According to the South Korean Central Bank's "Monetary Credit Policy Report," household debt reached 105% of GDP in the first quarter of this year, equivalent to approximately $1.5 trillion at the end of March, with a major share tied up in home mortgages.

Average home loans are equivalent to 270% of annual income.

One reason behind the debts is the soaring housing prices. In Seoul, home to nearly half of the country's population, housing prices are now among the highest in the world. The price to income ratio (PIR), which weighs the average price of a home to the average annual household income, is 12.04 in Seoul, compared to 8.4 in San Francisco, 8.2 in London and 5.4 in New York.

According to the Korea Real Estate Commission, 42.1% of all home purchases in January 2021 were by young Koreans in their 20s and 30s. For those in their 30s, the average amount borrowed is equivalent to 270% of their annual income.

Playing the stock market

At the same time, the South Korean stock market is booming. The increased demand to buy stocks has led to an increase in other loans such as credit.
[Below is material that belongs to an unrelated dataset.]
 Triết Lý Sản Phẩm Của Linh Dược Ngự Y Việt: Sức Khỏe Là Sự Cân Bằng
The ratio for Korean shareholders conducting credit financing, i.e. borrowing from securities companies to secure stock holdings, had reached 21.4 trillion won ($17.7 billion), further increasing the indebtedness of households.
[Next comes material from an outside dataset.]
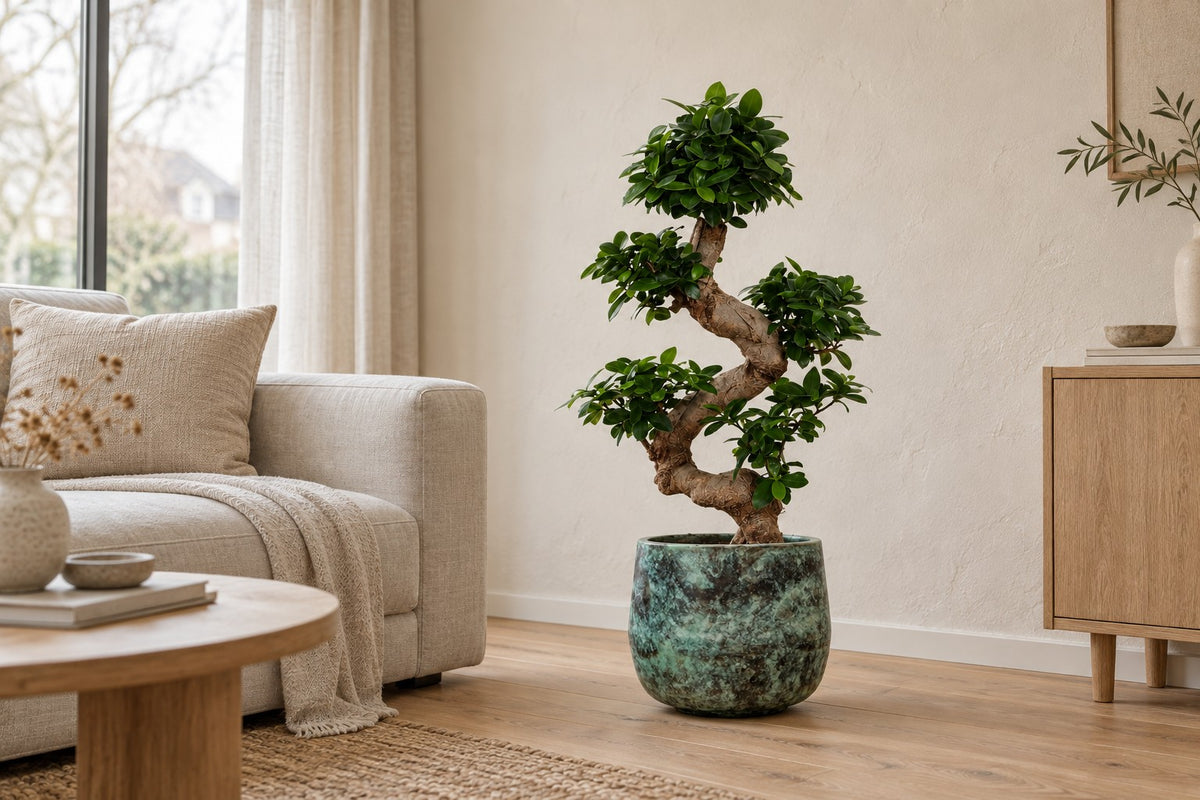 Ficus microcarpa 'Ginseng' van 80 cm in sierpot Elisa Mystic Green in een lichte woonkamer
A 30-year-old Seoul office worker who bought stocks through various forms of borrowing was interviewed by Reuters this year, and said he was "very foolish not to take advantage of the rebound."

In addition to his 100 million won ($84,000) overdraft account, he also took out a 100 million won loan against his house in Seoul, and a 50 million won stock pledge. All of these demands on the stock market have further exacerbated the problem of household debt.
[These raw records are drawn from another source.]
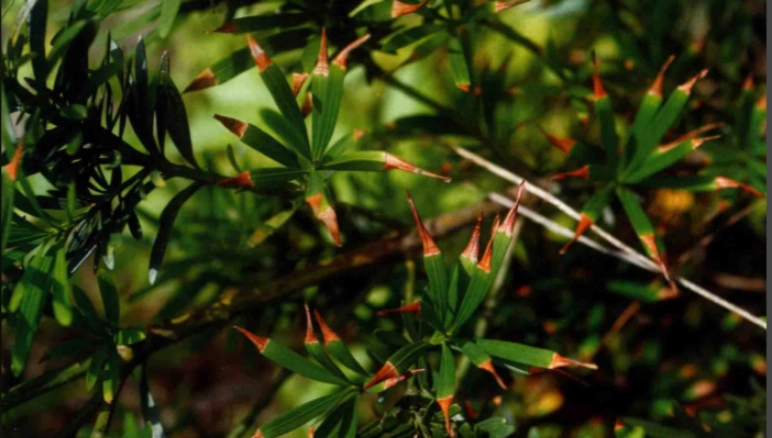 羅漢松葉枯病症狀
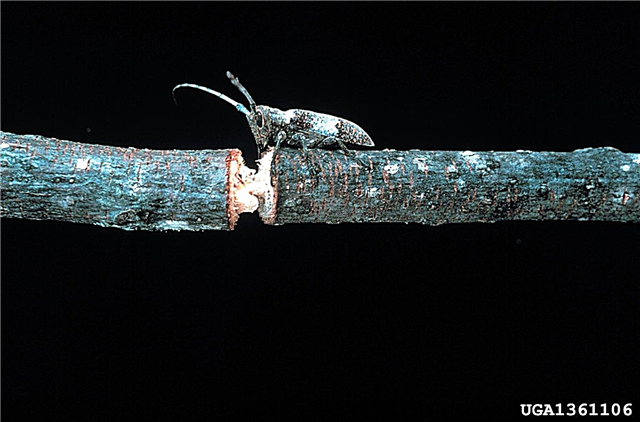 Quais são os besouros Twig Pruner: Dicas sobre controle Twig Pruner Beetle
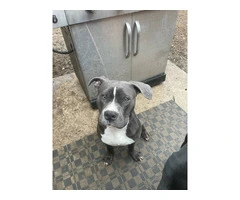 3 American Bully puppies for sale - 4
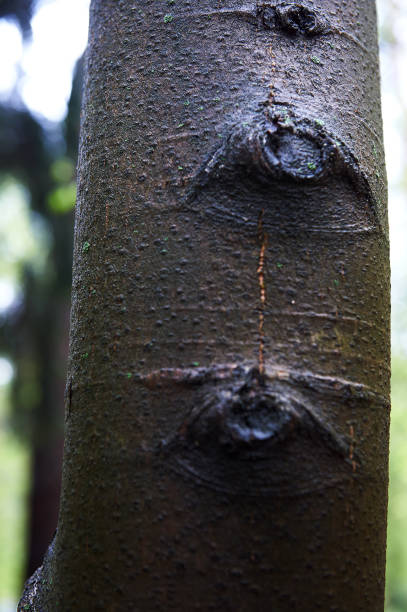 istock wet tree trunk. After the rain.Texture, close 833198852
42.1% of all home purchases in January 2021 were by young Koreans in their 20s and 30s

Simon Shin/SOPA Images/ZUMA

Game of survival

In response to the accumulating financial risks, the Bank of Korea has restricted the release of loans and has announced its first interest rate hike in three years at the end of August.

But experts believe that even if banks cut loans or raise interest rates, those who need money will look for other ways to borrow, often turning to more costly institutions and mechanisms.

This all risks leading to what one can call a "debt trap," one loan piling on top of another. That brings us back to the plot of Squid Game, "Either you live or I do." South Korean society has turned into a game of survival.